Short web captions

^^^^

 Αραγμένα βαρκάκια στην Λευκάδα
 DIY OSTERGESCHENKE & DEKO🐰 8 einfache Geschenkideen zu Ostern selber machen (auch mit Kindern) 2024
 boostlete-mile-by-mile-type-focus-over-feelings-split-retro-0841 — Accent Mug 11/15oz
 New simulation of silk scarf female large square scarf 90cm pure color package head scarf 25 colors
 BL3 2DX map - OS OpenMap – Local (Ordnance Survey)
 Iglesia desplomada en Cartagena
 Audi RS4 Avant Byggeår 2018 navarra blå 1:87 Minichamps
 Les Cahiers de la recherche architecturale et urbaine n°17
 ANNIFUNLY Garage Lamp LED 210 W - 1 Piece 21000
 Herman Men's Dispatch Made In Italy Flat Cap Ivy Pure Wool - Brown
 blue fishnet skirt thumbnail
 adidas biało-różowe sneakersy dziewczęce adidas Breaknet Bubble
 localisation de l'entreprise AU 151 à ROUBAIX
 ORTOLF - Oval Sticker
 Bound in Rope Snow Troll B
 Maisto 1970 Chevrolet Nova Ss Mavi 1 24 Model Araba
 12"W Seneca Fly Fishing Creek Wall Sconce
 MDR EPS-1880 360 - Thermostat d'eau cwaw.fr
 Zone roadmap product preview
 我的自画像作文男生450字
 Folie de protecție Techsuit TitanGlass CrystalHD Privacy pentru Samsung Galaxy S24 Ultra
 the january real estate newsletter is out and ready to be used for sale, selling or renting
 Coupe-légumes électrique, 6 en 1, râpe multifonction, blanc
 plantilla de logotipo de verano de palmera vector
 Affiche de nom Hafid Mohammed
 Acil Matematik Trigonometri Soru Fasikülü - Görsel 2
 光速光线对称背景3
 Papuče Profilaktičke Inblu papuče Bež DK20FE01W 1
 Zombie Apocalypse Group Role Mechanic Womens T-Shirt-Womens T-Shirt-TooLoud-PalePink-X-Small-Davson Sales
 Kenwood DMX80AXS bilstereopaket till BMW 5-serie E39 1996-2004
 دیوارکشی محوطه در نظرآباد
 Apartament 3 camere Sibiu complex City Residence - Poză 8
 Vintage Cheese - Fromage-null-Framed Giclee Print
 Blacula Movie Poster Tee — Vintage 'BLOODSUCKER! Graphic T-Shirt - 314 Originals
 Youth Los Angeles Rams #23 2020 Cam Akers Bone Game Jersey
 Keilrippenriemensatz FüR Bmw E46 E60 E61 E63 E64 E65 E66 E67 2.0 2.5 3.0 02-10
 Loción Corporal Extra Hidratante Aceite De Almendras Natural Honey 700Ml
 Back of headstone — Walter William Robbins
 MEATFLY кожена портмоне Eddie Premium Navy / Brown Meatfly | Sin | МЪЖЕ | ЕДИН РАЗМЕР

^^^^

• [Task details] Exactly the lines from the one with "Folie de protecție" through the end of the entries, both included, should be written out, and no others.

• [Task result]
 Folie de protecție Techsuit TitanGlass CrystalHD Privacy pentru Samsung Galaxy S24 Ultra
 the january real estate newsletter is out and ready to be used for sale, selling or renting
 Coupe-légumes électrique, 6 en 1, râpe multifonction, blanc
 plantilla de logotipo de verano de palmera vector
 Affiche de nom Hafid Mohammed
 Acil Matematik Trigonometri Soru Fasikülü - Görsel 2
 光速光线对称背景3
 Papuče Profilaktičke Inblu papuče Bež DK20FE01W 1
 Zombie Apocalypse Group Role Mechanic Womens T-Shirt-Womens T-Shirt-TooLoud-PalePink-X-Small-Davson Sales
 Kenwood DMX80AXS bilstereopaket till BMW 5-serie E39 1996-2004
 دیوارکشی محوطه در نظرآباد
 Apartament 3 camere Sibiu complex City Residence - Poză 8
 Vintage Cheese - Fromage-null-Framed Giclee Print
 Blacula Movie Poster Tee — Vintage 'BLOODSUCKER! Graphic T-Shirt - 314 Originals
 Youth Los Angeles Rams #23 2020 Cam Akers Bone Game Jersey
 Keilrippenriemensatz FüR Bmw E46 E60 E61 E63 E64 E65 E66 E67 2.0 2.5 3.0 02-10
 Loción Corporal Extra Hidratante Aceite De Almendras Natural Honey 700Ml
 Back of headstone — Walter William Robbins
 MEATFLY кожена портмоне Eddie Premium Navy / Brown Meatfly | Sin | МЪЖЕ | ЕДИН РАЗМЕР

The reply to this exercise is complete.